Each of the trio has acquired and leveraged a specialty for growth. When Pinduoduo first emerged in China, incumbents such as Alibaba and JD looked down on it for selling cheap and unbranded goods. In November 2023, PDD’s market cap briefly overtook that of Alibaba.

Alibaba is now taking the competition very seriously, a key factor that prompted the group’s largest restructuring in history last year. Alibaba is also replicating Temu’s full consignment model for its AliExpress and Lazada platforms.

While it is uncertain whether they will pull off the same trick in Western markets because of differences in timing and circumstances, incumbents such as Amazon should take the same caution that Alibaba and JD should have in the mid-2010s.

File photo. A man walks past the Alibaba booth during the first China International Supply Chain Expo (CISCE) in Beijing, China on Nov 28, 2023.(Photo: Reuters/Florence Lo)

GEOPOLITICAL RISKS

An external risk for the trio though, is geopolitics and the potential political and policy consequences.
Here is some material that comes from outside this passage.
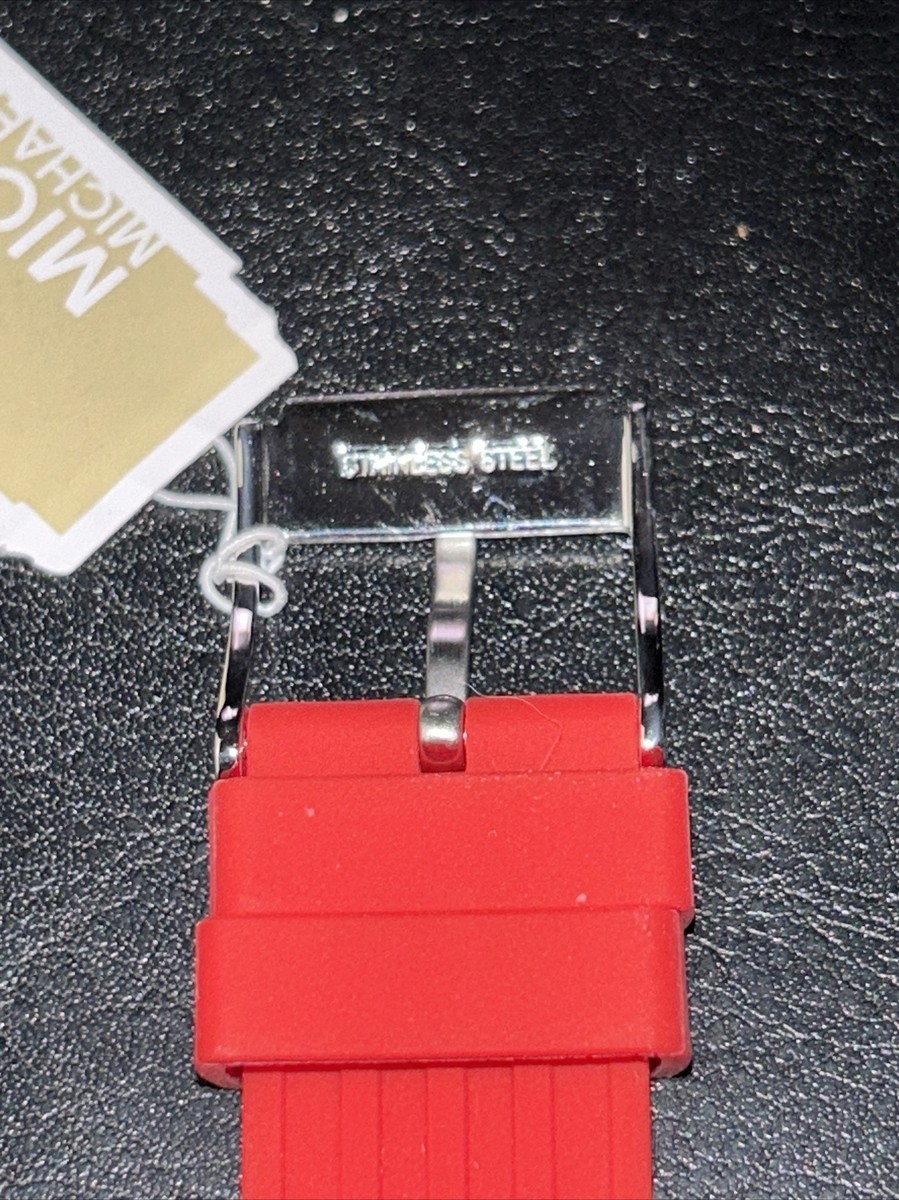 Michael Kors Chronograph Red Silicone Watch MK8973 | eBay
There have been calls from Western stakeholders to investigate Temu and SHEIN for issues ranging from forced labour and consumer data privacy. Political pressure on TikTok is ramping up, with the US House of Representatives passing a Bill that may lead to a nationwide ban on the app.
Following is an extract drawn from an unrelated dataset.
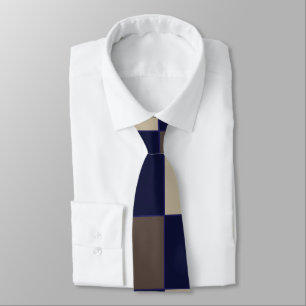 Chequerboard Dark Blue Brown Checks Pattern Tie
Such pressure might intensify and become unpredictable should former US president Donald Trump win this November’s presidential election.

It is hard for anyone to predict how things will turn. However, these companies are run by smart people who adapt fast. TikTok has learnt from dealings during the previous Trump administration, as well as the TikTok Shop ban in Indonesia, while Temu’s top management has installed themselves in Boston instead of Shanghai.

They will navigate choppy waters but one thing is for sure: In an age of elevated interest rates and inflation, the ability to supply middle-class Americans with cheap clothes and household items is something that politicians will be very careful not to disrupt.